I claw my way up to the top of the table and stand upon the surface. The search for the plushie tribe begins now. I see their abandoned campsite. The coals are dark and no longer do they smolder. I look about the site for evidence of where they might have gone.
They’ve been using the voodoo dust again. In the clear light I see that it is a dull red dust. I bend down, and scoop some up on my fingers. I rub it between them.
The dust has a sulphurous smell. It makes my fingers look raw and shredded. Like Fatmouse bedding.

“How did you get back up here?”

It’s the lion speaking English. Bizarre. The lion ever spoke English to me before. The whole tribe of plushies were incapable of uttering a familiar word.

“I thought you couldn’t speak English?” I say.

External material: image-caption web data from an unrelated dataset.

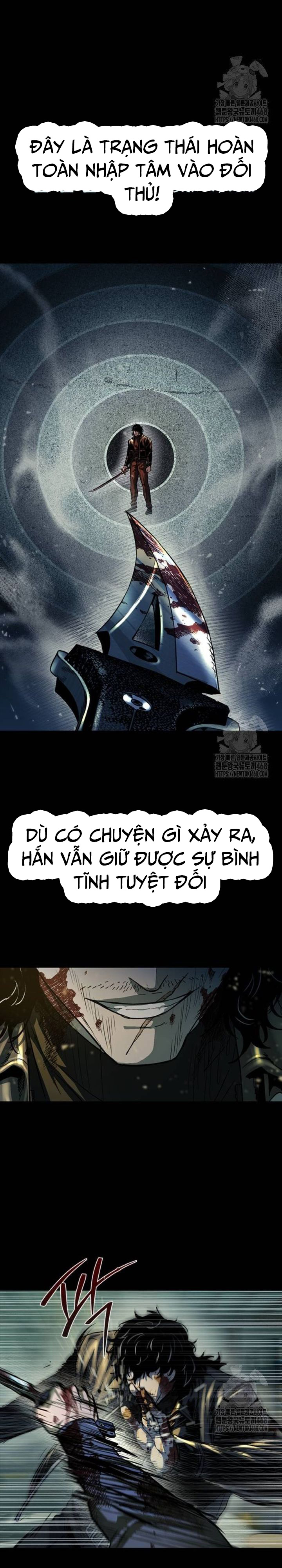 Cửu Long Saroka: Chapter 20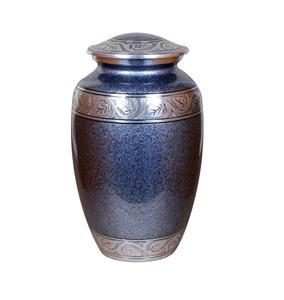 Urne funéraire en métal de haute qualité, design moderne, souvenir commémoratif pour les cendres humaines et animales, fournitures funéraires - Product Image 6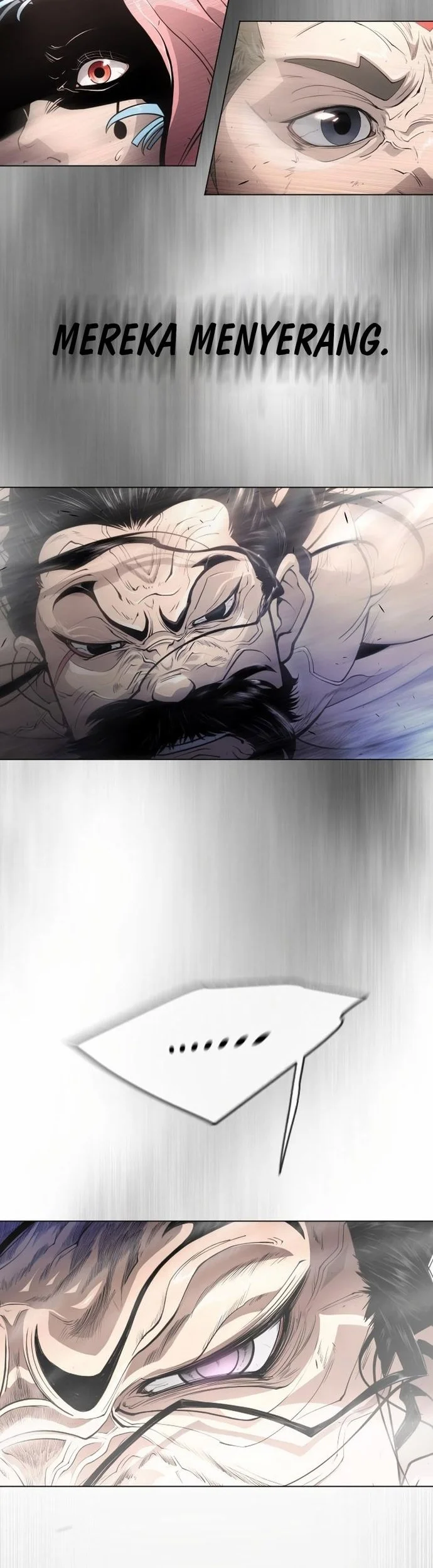Superhuman Era Chapter 136 - halaman 30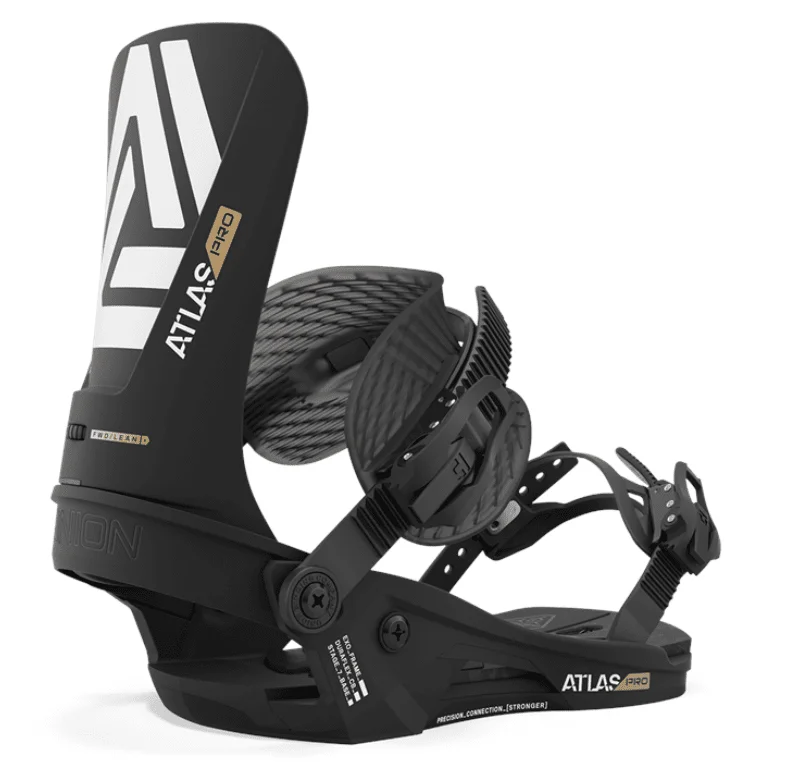 Union Men's Atlas Pro Snowboard Bindings '24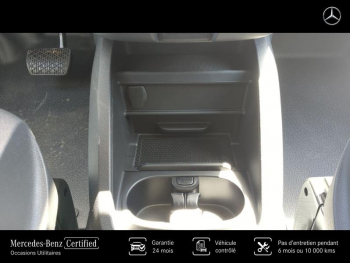 Photo 26 du bon plan MERCEDES-BENZ Vito Fg VUL 116 CDI Mixto Long Select Propulsion 9G-Tronic occasion à 59990 €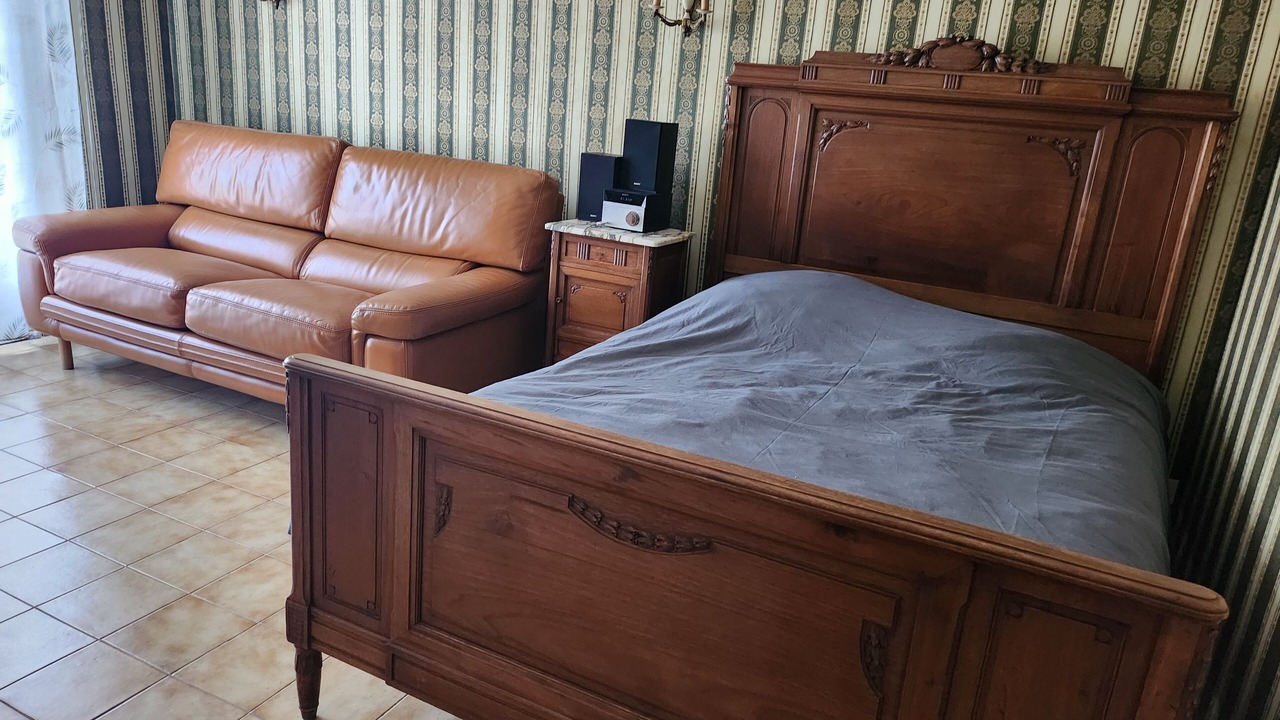 Photo of Bedroom in Saint-Drezery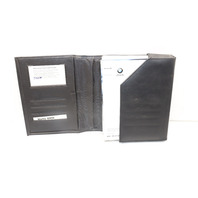 2008 BMW X3 Owner Manual and Case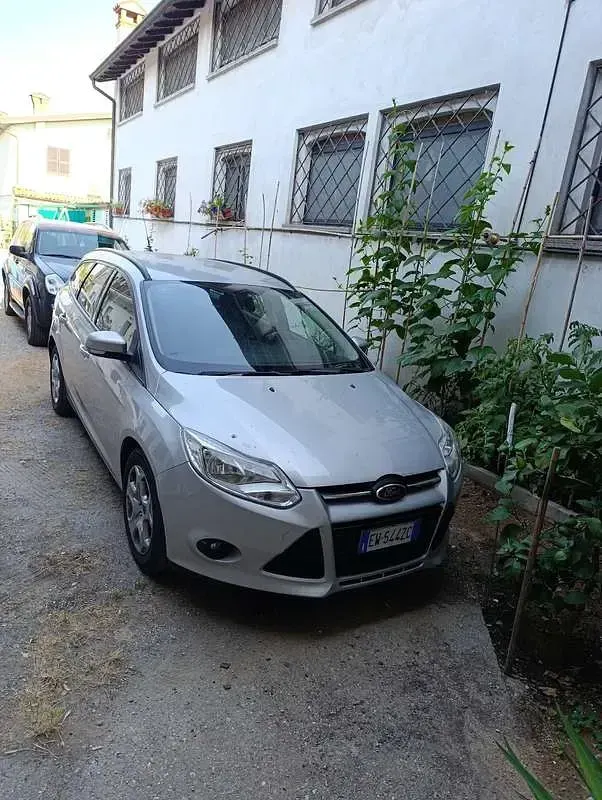 Käytetty Ford Focus 150 HP (110 kW) 2021 Farmari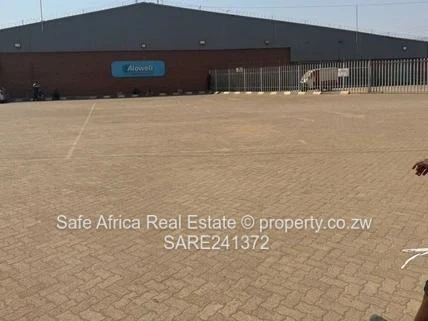 Rare Gem Commercial Property For Sale In Glen View-1 (Makomva) Busy Shopping Area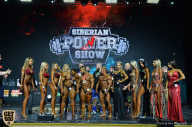 Siberian Power Show - 2019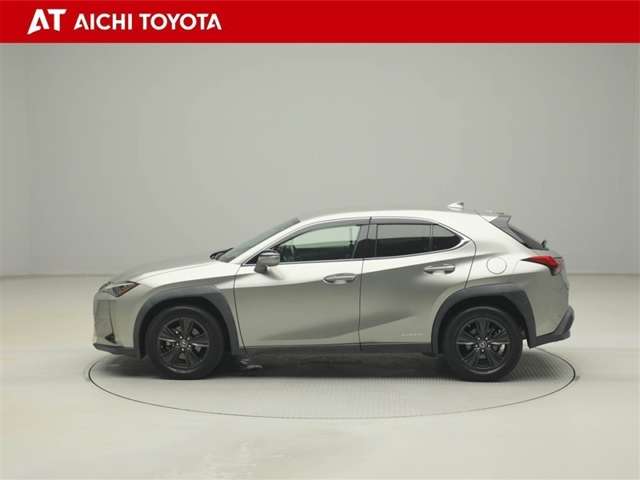 Lexus UX 3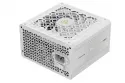 Forgeon Reactor 850W Cybenetics Platinium ATX 3.1 PCIe 5.1 Full Modular Fuente de Alimentación Blanca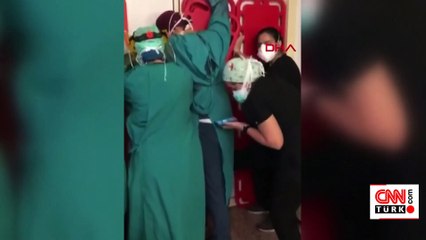 Sağlıkta şiddetle mücadelede yeni adım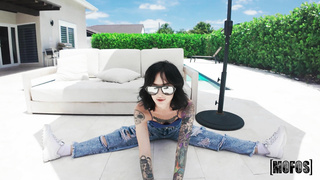 DontBreakMe Lysagna Delray The Secret Ticket To Her Throat WRB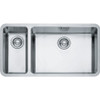 Ex Display Franke Kubus KBX160 55-20 Stainless Steel Kitchen Sink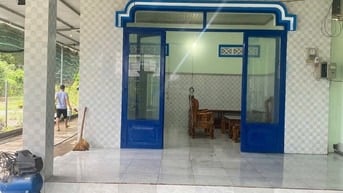 Bán nhà cáo 4+ 4 phòng trọ cho thuê, Uyên Hưng, bình dương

“I couldn’t before now. Something about writers’ block, apparently. Oh, and sorry about throwing you to the Poodle. And it is ‘The Poodle‘ now, and not ‘Pooooodulllll.’ That whole drawn out pronunciation was just silly.”


“What ‘What’?”

“What are you talking about?” I say.

“Writers’ block? When a writer gets stuck at a point in a story, and can’t figure out what to do next. Often it’s necessary to go back and rewrite some of the story, changing characters or plot slightly, or altering the order of events. Whatever is necessary to get the story moving again. Whatever is needed to get things back on track.
“The problem is that this isn’t a short story or a novel. This is a kind of serial affair. The writer can’t go back and rewrite earlier sections of the story because they’ve already been published on the internet.
“This also explains why the posts haven’t been as regular as they started out.
“Everything make sense now, Mumphred?”

I close my mouth, having noticed that it had fallen open during the lion’s nonsensical speech.

“Yes? No? Because honestly, you’re still looking a bit puzzled,” says the lion.

I decide to discount the gibberish about Writers’ Block, and ask a question that bothers me greatly, “How did you learn to speak English so quickly?”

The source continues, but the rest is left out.